In the present embodiment, in step S1, two different medical texts are first input; then extracting medical information (clinical medical conceptual information such as diseases, symptoms, physical signs and the like) contained in the medical text, and carrying out standardized treatment on the medical information; finally, a structured and standardized semantic structure unit list in the medical text is obtained, which specifically comprises the following steps:
step S11: medical text in natural language form is entered.
Step S12: based on bi-directional coding representation BERT and conditional random field CRF of the converter, a BERT-CRF named entity recognition architecture is constructed, and the BERT-CRF named entity recognition architecture is used for recognizing core medical concepts contained in medical texts and attribute entities associated with the core medical concepts.
Specifically, the structuring step aims at establishing a model to identify core medical concepts and associated attribute entities thereof contained in clinical medical texts, wherein the core medical concepts comprise diseases, symptoms, signs, examinations, operations, medicines and the like, and the attribute entities associated with the core medical concepts comprise the attributes of existence, severity, urgency, attack position and the like. To solve the problem, the invention firstly constructs a BERT-CRF named entity recognition architecture (a neural network architecture for named entity recognition) based on bidirectional coding representation (Bidirectional Encoder Representations from Transformers, BERT for short) of a converter and a conditional random field (conditional random field, CRF for short). The BERT-CRF named entity recognition architecture combines the capability of embedding and capturing the word of the BERT with the tag dependency capturing capability of the CRF, thereby realizing high performance in a named entity recognition task.
Further, using the BERT-CRF named entity recognition architecture, the method for recognizing the core medical concepts and the attribute entities associated with the core medical concepts contained in the medical text specifically includes, as shown in fig. 3:
firstly, obtaining an input sequence according to an input medical text in a natural language form;
then, encoding the input sequence by using the bi-directional encoding representation BERT of the converter to obtain an embedded representation of each word;
Then inputting the obtained embedded representation of each word into a conditional random field CRF, and carrying out label prediction by the conditional random field CRF according to the context information of the word and the dependency relationship between labels;
and finally outputting the core medical concept contained in the medical text and the attribute entity associated with the core medical concept.
Step S13: and (3) constructing and training a pre-training language model, carrying out standardized processing on attribute entities obtained in the process of structured extraction of the Chinese medicine text in the step (S12) by utilizing the pre-training language model, and linking the attribute entities to a unified medical language system.

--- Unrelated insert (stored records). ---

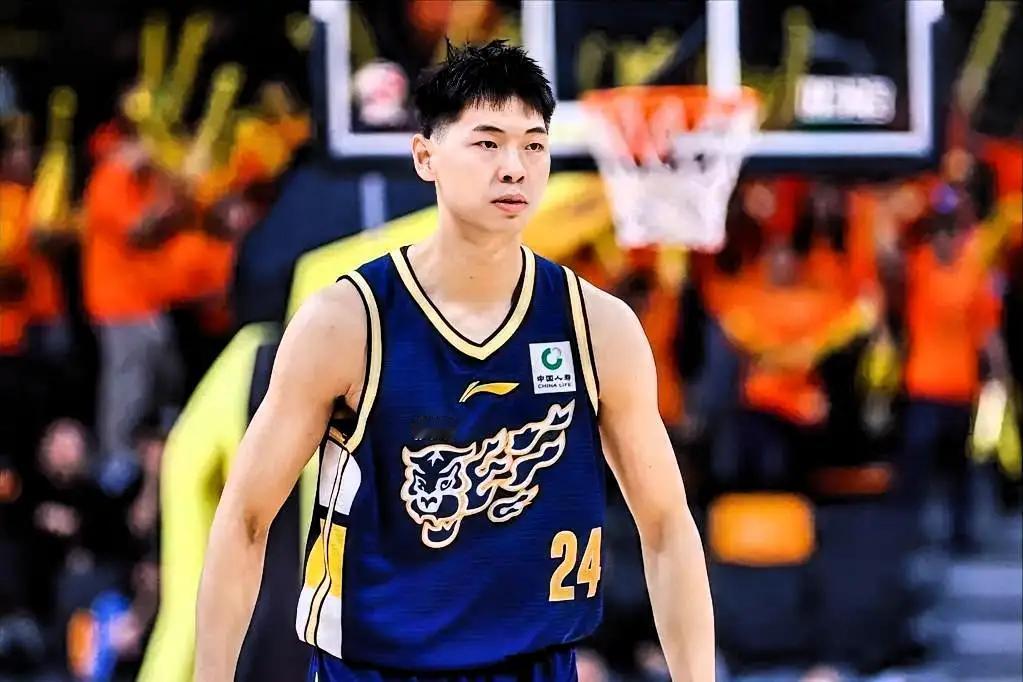 广东男篮未来1–2年一页式补强&成长目标简版一、核心问题（一句话）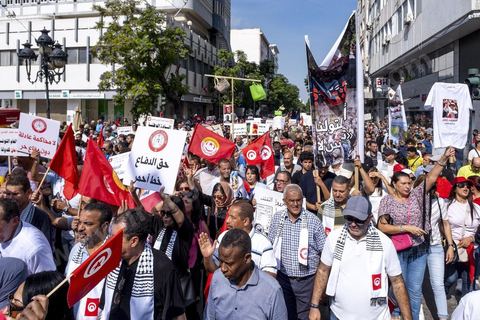 Tunis le 17 octobre 2026 – Manifestation contre le pouvoir de Kaïs Saïed à Tunis.Plusieurs milliers de manifestants ont défilé samedi 17 octobre 2026 dans les rues du centre-ville de Tunis, à l'appel de l'Union générale tunisienne du travail (UGTT), de plusieurs organisations de la société civile et de partis d'opposition. Partie de la place Mohamed Ali pour rejoindre l'avenue Habib-Bourguiba, cette importante mobilisation a rassemblé syndicalistes, avocats, journalistes, militants et citoyens venus dénoncer la dégradation de la situation économique et sociale ainsi que les restrictions des libertés publiques. Les manifestants ont réclamé le respect de la démocratie, la libération des détenus politiques, l'indépendance de la justice et la défense des droits fondamentaux. Plusieurs slogans issus de la révolution de 2011 ont été repris dans le cortège, notamment « Travail, liberté, dignité nationale ».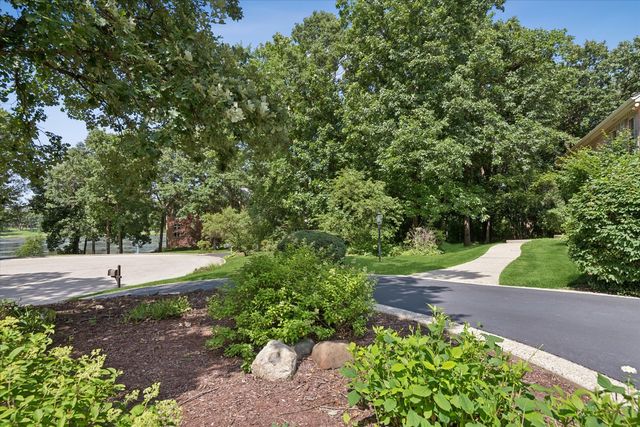 22801 W Glenhurst Road, Deer Park, IL 60010
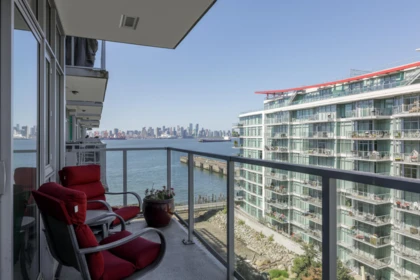 708 185 Victory Ship Way, North Vancouver, BC, North Vancouver — Apartment/Condo for sale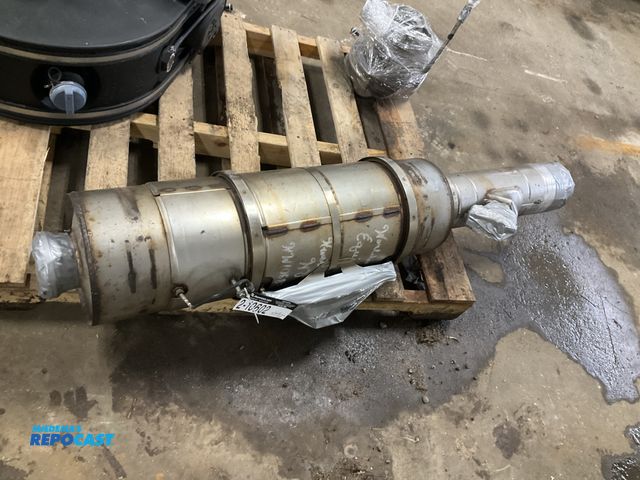 Lot 2-10602 - OEM Cummins Decomposition Reactor and Particulate Filter System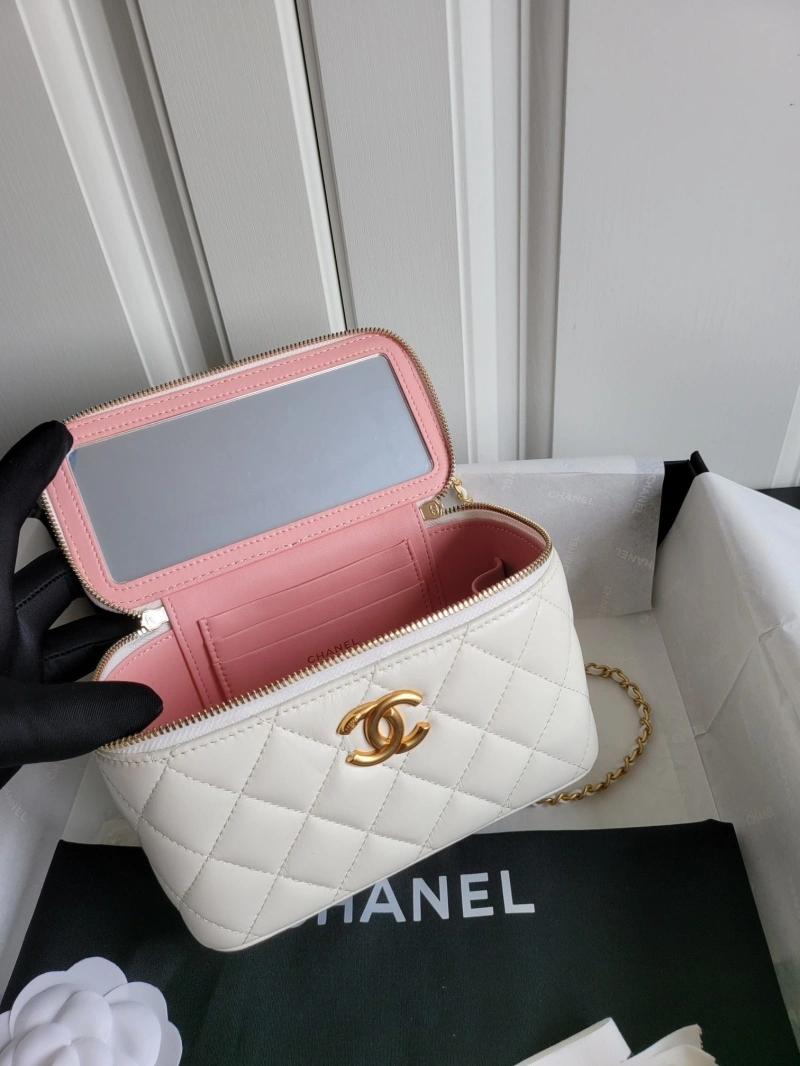 Ch**el cosmetic bags 4017-0228
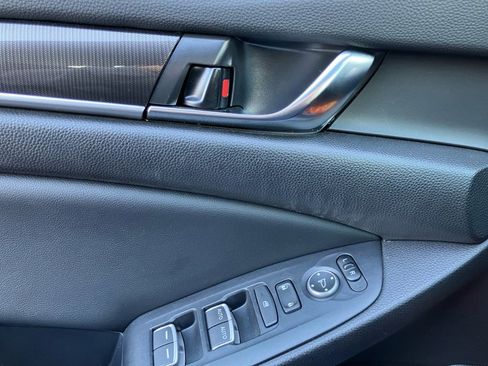 Certified 2022 Honda Accord Sport image 36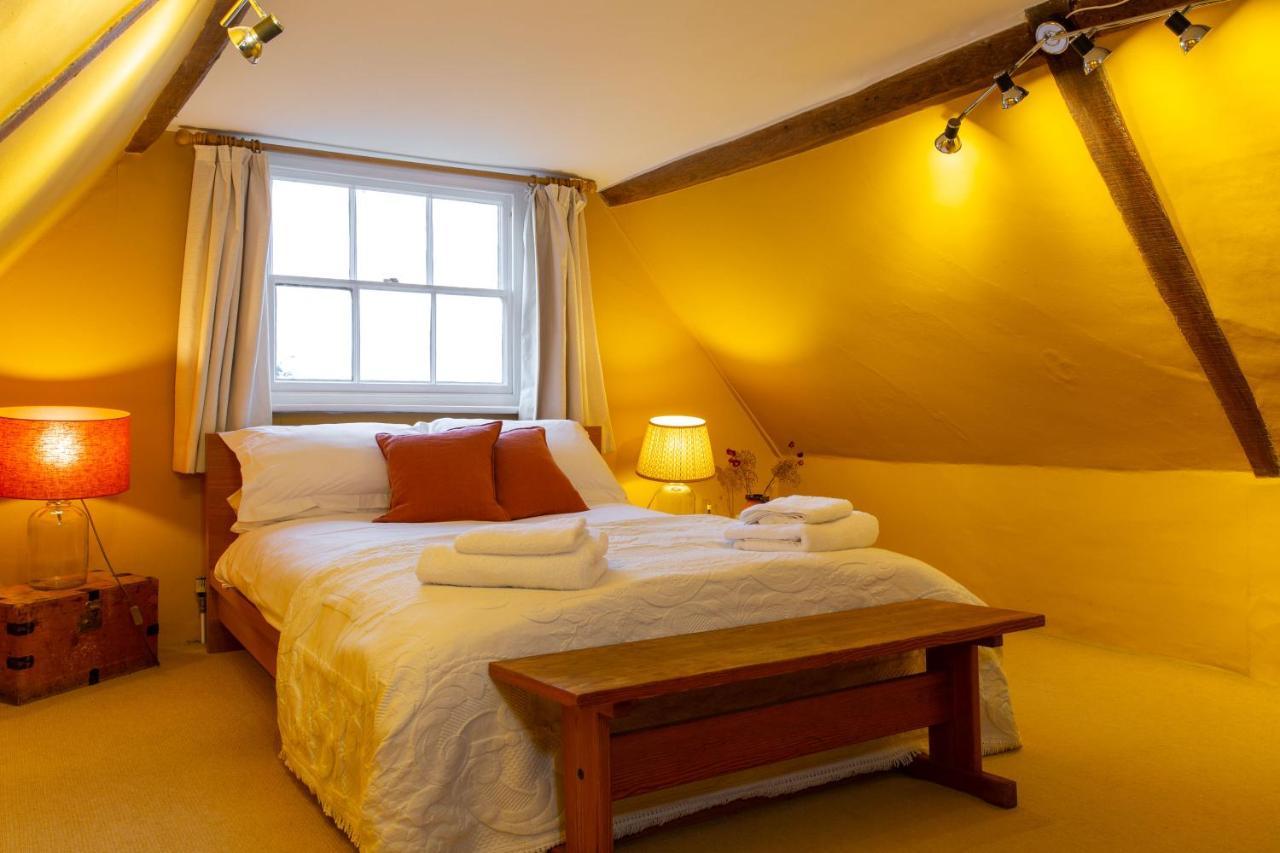 Pounce Hall -Stunning Historic Home In Rural Essex Saffron Walden Exteriör bild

Specifically, the invention firstly uses a medium-english bilingual aligned medical term set from a unified medical language system (Unified Medical Language System, abbreviated as UMLS) as a corpus; then training a pre-training language model for associating a certain medical term to a standard medical concept of the unified medical language system based on a contrast learning method; and finally, carrying out standardized processing on the entity obtained in the structured extraction process of the Chinese medicine text in the step S21 by utilizing a pre-training language model, and linking the entity to a unified medical language system.

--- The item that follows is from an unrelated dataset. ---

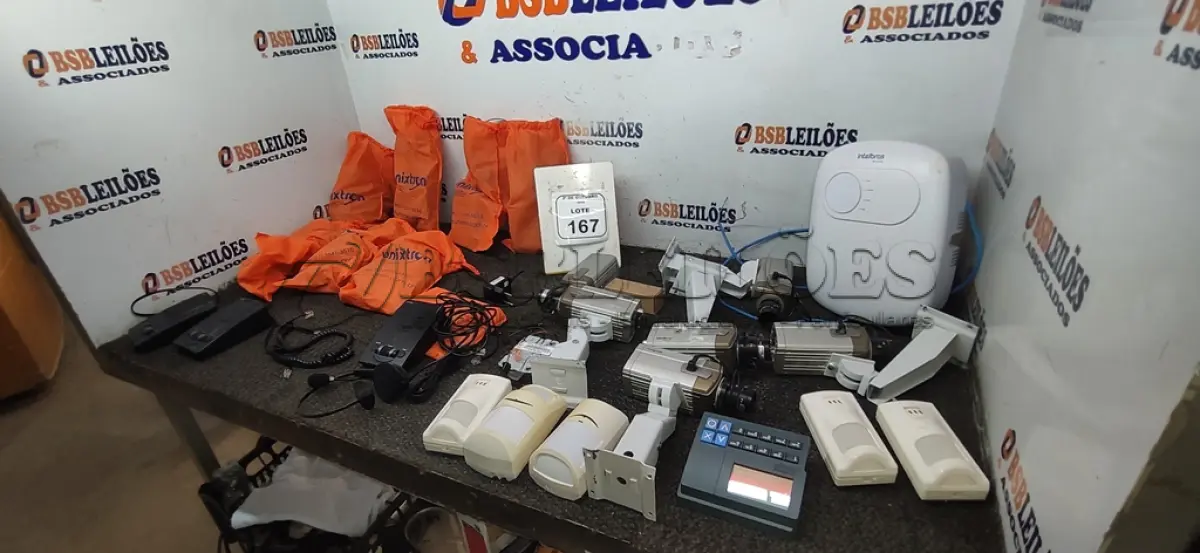 LOTE 167 - 01 LOTE COM BASE AMPLIFICADORA PARA HEADSET, HEADSETS, CÂMERAS DE SEGURANÇA E 01 FONTE DE ALIMENTAÇÃO ININTERRUPTA MODELO FA 1220S. (NO ESTADO) ATENÇÃO! FAZER A VISITAÇÃO ANTES DE ARREMATAR, NÃO SABEMOS SE FUNCIONA, LEILÃO NÃO TEM GARANTIA E NEM DEVOLUÇÃO, SUJEITO A POSSÍVEIS AVARIAS VISÍVEIS/OCULTAS E/OU AUSÊNCIA DE COMPONENTES.
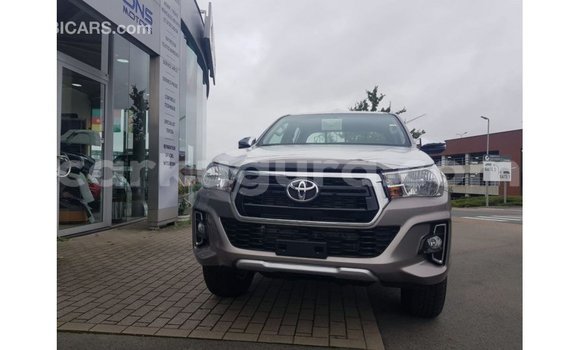 Nunua Imported Toyota Hilux Nyingine Gari ndani ya Import - Dubai nchini Bujumbura Nunua Imported Toyota Hilux Nyingine Gari ndani ya Import - Dubai nchini Bujumbura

Further, the unified medical language system (Unified Medical Language System, abbreviated as UMLS) is a huge medical term system which is continuously developed by the national medical library for over 20 years, covers medical science and related disciplines of clinic, basic, pharmacy, biology, medical management and the like, records about 200 ten thousand medical concepts, and has more unprecedented medical vocabulary reaching over 500 ten thousand.
The objective of contrast learning, also called contrast learning, is to learn an encoder that encodes similar data of the same class and makes the encoding results of data of different classes as different as possible. Compared with the generation type learning, the comparison type learning does not need to pay attention to complicated details on the example, and only needs to learn the distinction of data on the feature space of the abstract semantic level, so that the model and the optimization thereof become simpler, and the generalization capability is stronger.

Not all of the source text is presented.